Ms. Stack (First Grade)
If literature is meant to affect the reader on a deeply personal level as I hope to convince my English classes each year, then Ms. Stack was the one who set me down that path. My greatest fear that year was my certainity that Ms. Stack would turn into Ms. Viola Swamp at any moment. That fictional substitute teacher had a knack for instilling discipline and learning into the classroom. Ms. Stack could have put Ms. Viola Swamp to shame.
I've never quite mastered the self-control that Ms. Stack demanded of me. In the age before ADHD, when little boys had to learn to control themselves or else, Ms. Stack guided me gently towards maintaining focus. She demanded excellence but never belittled when I didn't reach it. She had a motherly nature which was never allowed to take complete control. She understood that too much self-esteem building, which she did plenty of, should never over-shadow a committment to greatness.
When I tried to escape my work by feigning illness, Ms. Stack never bit. I still recall the time she projected down the hallway, "Andy McNamar, you are not sick. Get back into this classroom." I had nearly made my escape with my mother, a softy who was also our school's "recess lady."
In the 26 years since I finished first grade, I have dedicated myself to always being at school or work. At one point, I went six school years in which I missed just one day of school--my great-grandfather's funeral.
Thank you Ms.

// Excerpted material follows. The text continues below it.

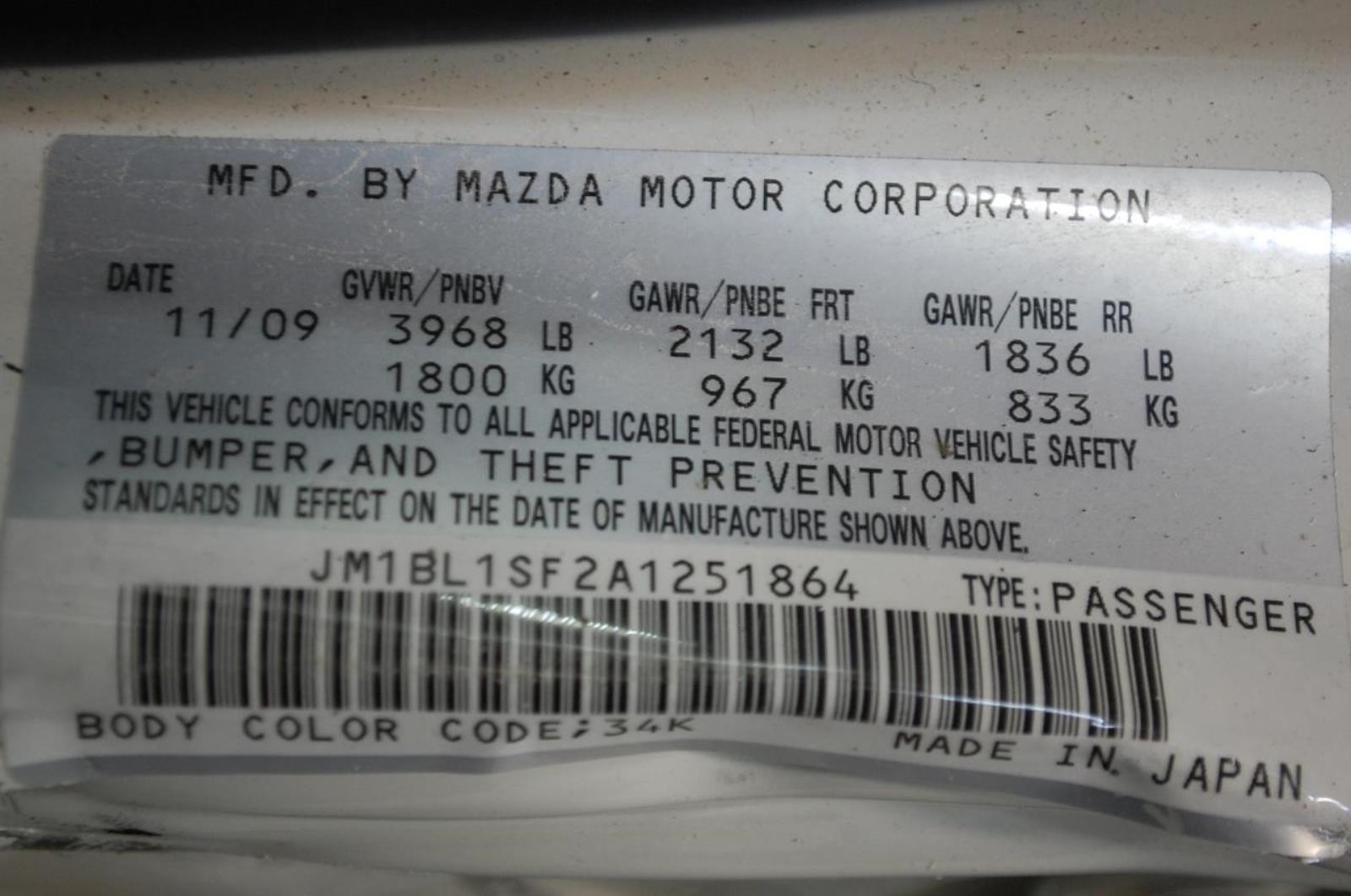 2010 3 MULTI ECU BBM4675DZA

Stack, for teaching me to demand excellence from my own students. Thank you for instilling a sense of confidence without blinding me from my weaknesses. For that, you are a great teacher.

3 Comments:

At 6:25 AM , Blogger "Ms. Cornelius" said...

What a wonderful tribute! And what an inspiring thing to contemplate-- the teachers that have touched our lives-- as we prepare to go back into the trenches to fight the good fight!

 
At 9:10 AM , Anonymous Keith said...

Mrs. Stack was a great teacher, no doubt. When Jacob went to first grade and I met his teacher for the first time, my immediate thought was that she reminded me of Mrs. Stack - kind, but stern at the same time, possessing an unfailing sense of the potential of each child, and the work ethic to do her best to bring it out of them.

 
At 2:40 PM , Blogger Joep said...

Thank you for this wonderful post. I sincerely hope that some time a student of mine will honour me with such a blog.I am not too sure about that.